Just over 13 years ago, 47 percent of Americans described themselves as “very concerned,” while 11 percent said they were “not at all concerned” about government monitoring of Internet use when asked by Gallup for their sentiments. When asked earlier this month, only 35 percent of people continued to be “very concerned,” while 15 percent said they were “not at all concerned” on the matter.
Researchers additionally asserted, “While it is not clear how Americans might have answered these questions prior to the Snowden affair, it’s possible they would have shown even less concern about government Internet tapping immediately before Snowden’s revelations than they do now.”
The study’s findings were released as more questions emerged regarding monitoring by the United States government of officials from other nations.
Two Western diplomats say U.S. officials have briefed them on documents obtained by Snowden that might expose the intelligence operations of their respective countries and their level of cooperation with the U.S.
Word of the briefings by the Office of the Director of National Intelligence comes amid questions swirling around overseas surveillance by the National Security Agency, which has angered allies on two continents and caused concern domestically over the scope of the intelligence-gathering.
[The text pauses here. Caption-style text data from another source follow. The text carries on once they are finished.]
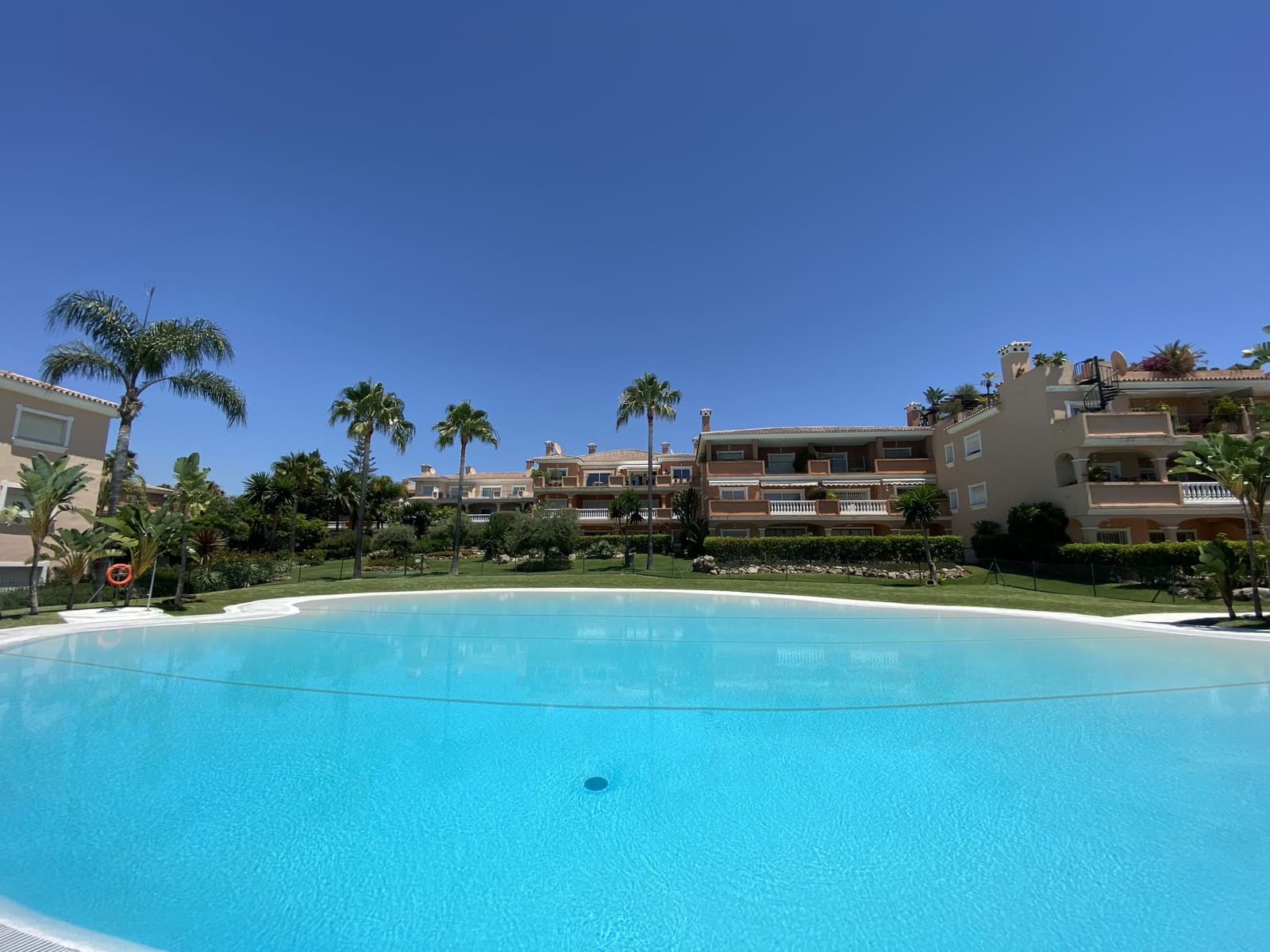 2 sovrum Takvåning till salu i Estepona med pool garage - 875 000 € (Ref: 10159270)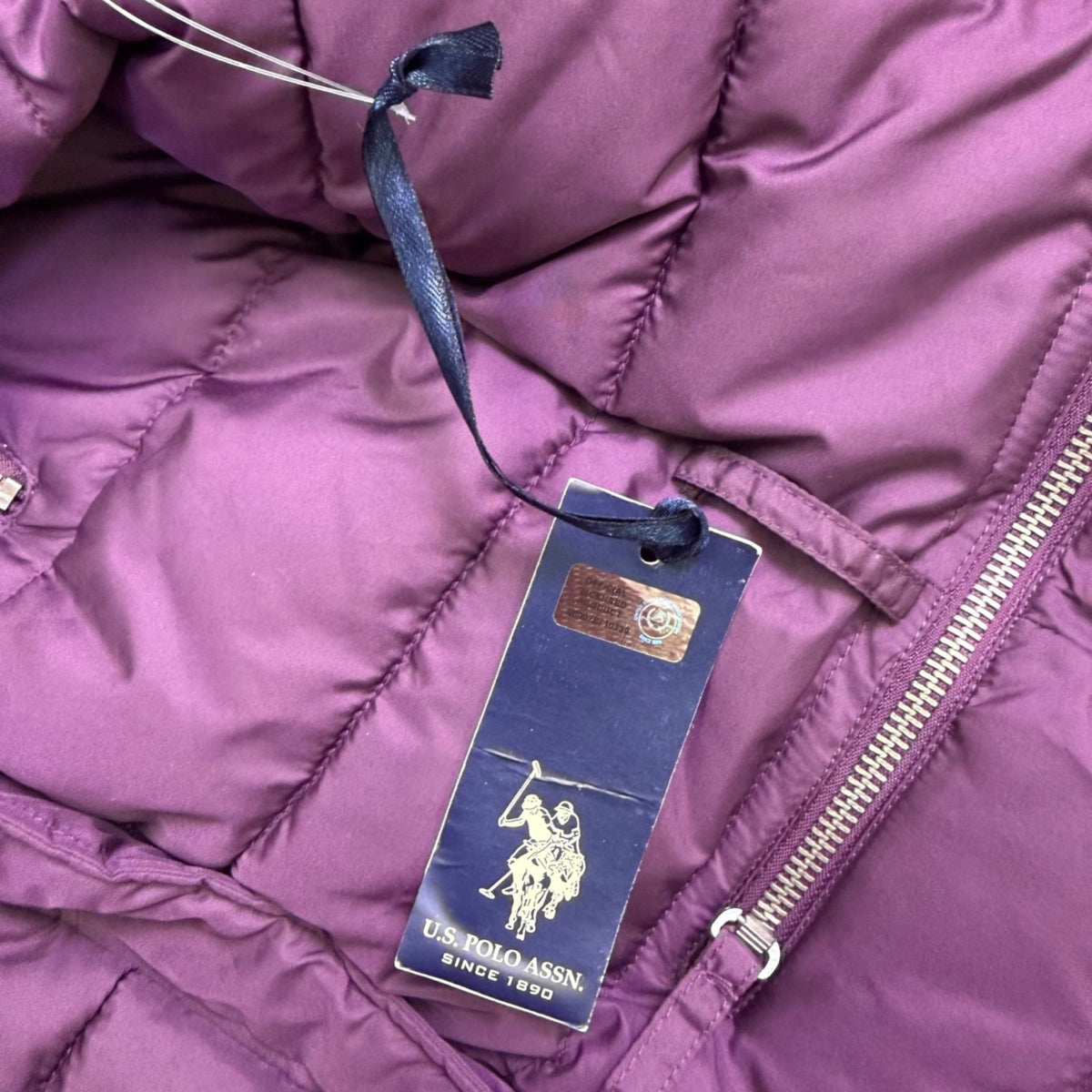 U.S. Polo Assn. Womens Purple Puffer Jacket With Hood Large Zippered
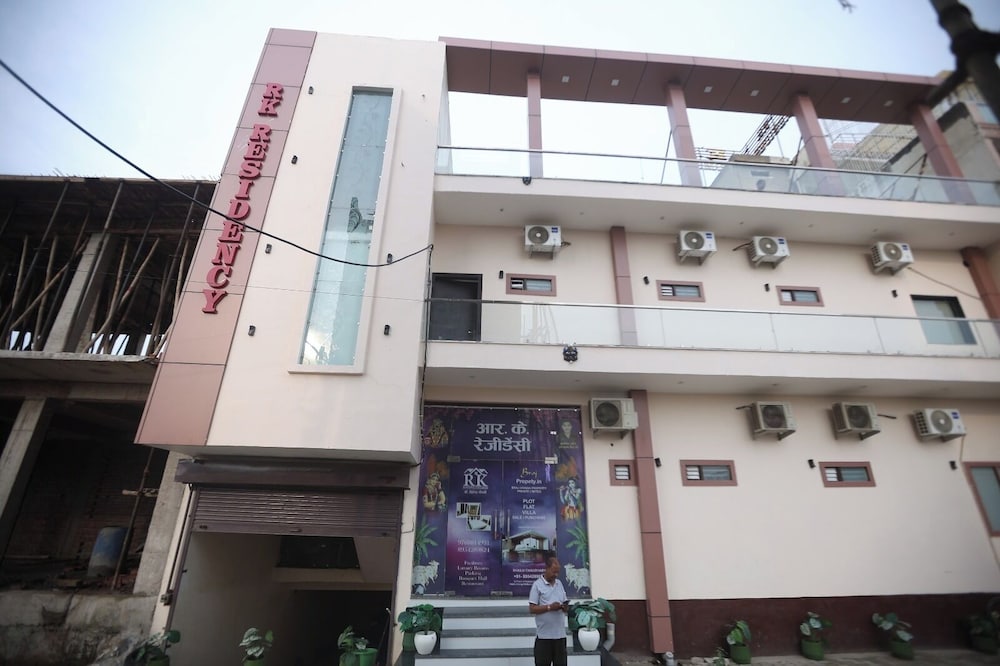 hotel r k residency near bihariji mandir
The two Western diplomats said officials from ODNI have continued to brief them regularly on what documents the director of national intelligence believes Snowden obtained.
The diplomats spoke on condition of anonymity because they were not authorized to discuss the intelligence briefings publicly.
The Washington Post, which first reported on the matter Thursday evening, said some of the documents Snowden took contain sensitive material about collection programs against adversaries such as Iran, Russia and China. Some refer to operations that in some cases involve countries not publicly allied with the United States.
Gallup polled a reported 887 adult Internet users throughout the nation for their study, according to the release.